If you want to try this pipeline deployment yourself, change the values of:
azureSubscription
to match your service connection namefunctionAppName
to match the application name (random_pet
+random_integer
)environment
to match the target environment (more on environments here)
trigger:
- master
variables:
# Azure Resource Manager service connection name
azureSubscription: 'Demo'
# Base application name (random pet + random integer)
functionAppName: 'livingewe97058-funcapp'
# Environment name
environment: 'Demo-Env'
# Agent VM image name
vmImageName: 'windows-2019'
# Working Directory
workingDirectory: '$(System.DefaultWorkingDirectory)'
stages:
- stage: Build
displayName: Build stage
jobs:
- job: Build
displayName: Build
pool:
vmImage: $(vmImageName)
steps:
- publish: $(System.DefaultWorkingDirectory)/pwshfuncapp.zip
artifact: drop
- stage: Deploy
displayName: Deploy stage
dependsOn: Build
condition: succeeded()
jobs:
- deployment: Deploy
displayName: Deploy
environment: $(environment)
pool:
vmImage: $(vmImageName)
strategy:
runOnce:
deploy:
steps:
- task: AzureFunctionApp@1
displayName: 'Azure functions app deploy'
inputs:
azureSubscription: '$(azureSubscription)'
appType: functionApp
appName: $(functionAppName)
package: '$(Pipeline.Workspace)/drop/pwshfuncapp.zip'
Once the pipeline completes, the Function App contains a new function named HttpTrigger1.

When you deploy a function app from a pipeline, two new application settings are added to the Function App:
WEBSITE_ENABLE_SYNC_UPDATE_SITE
WEBSITE_RUN_FROM_PACKAGE
Terraform Application Settings Drift Issue
Everything is looking good. Your infrastructure is defined in code, and your function code is deployed via a pipeline.
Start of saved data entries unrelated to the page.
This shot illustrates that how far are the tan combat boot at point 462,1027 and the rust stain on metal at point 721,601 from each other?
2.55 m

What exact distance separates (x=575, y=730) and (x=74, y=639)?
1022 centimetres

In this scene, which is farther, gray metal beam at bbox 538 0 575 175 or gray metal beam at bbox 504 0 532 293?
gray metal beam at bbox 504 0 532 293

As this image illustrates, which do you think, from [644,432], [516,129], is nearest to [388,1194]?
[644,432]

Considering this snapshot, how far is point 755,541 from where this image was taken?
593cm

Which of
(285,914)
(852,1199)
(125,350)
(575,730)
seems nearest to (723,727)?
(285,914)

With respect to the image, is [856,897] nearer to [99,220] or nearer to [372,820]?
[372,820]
What could go wrong?
At this point, if you run terraform plan
, you should see that Terraform wants to delete the two new application settings created by the pipeline deployment.

Terraform is typically good at leaving settings alone that it is not managing. However, in this case, Terraform sees these application settings and has decided to remove them because those settings do not exist in its configuration.
You can resolve this by using the lifecycle meta-argument. The lifecycle appears with any resource block regardless of what type the resource block is. One of the arguments within the lifecycle block is ignore_changes, which tells Terraform to ignore changes to specific resource properties.
The solution is to tell Terraform to ignore those application settings. Below is the updated function app resource definition with the added lifecycle
block telling Terraform to ignore changes to those application settings.
resource "azurerm_windows_function_app" "funcapp" {
name = "${local.app_name}-funcapp"
resource_group_name = azurerm_resource_group.rg.name
location = azurerm_resource_group.rg.location
service_plan_id = azurerm_service_plan.asp.id
storage_account_name = azurerm_storage_account.sa.name
storage_account_access_key = azurerm_storage_account.sa.primary_access_key
site_config {
application_stack {
powershell_core_version = "7"
}
}
lifecycle {
ignore_changes = [
app_settings["WEBSITE_ENABLE_SYNC_UPDATE_SITE"],
app_settings["WEBSITE_RUN_FROM_PACKAGE"]
]
}
}
After making these changes, Terraform now ignores those settings. Running a new terraform plan
should show no changes needed in your deployment.
Related: Review the full code solution at GitHub | Jeff Brown Tech | Terraform_FunctionApp_Example.
Summary
Terraform is a fantastic infrastructure as code solution for managing cloud resources. However, in the case of an Azure Function App, you need to make changes in your Terraform configuration to ensure it does not delete application settings important to your function code deployment process.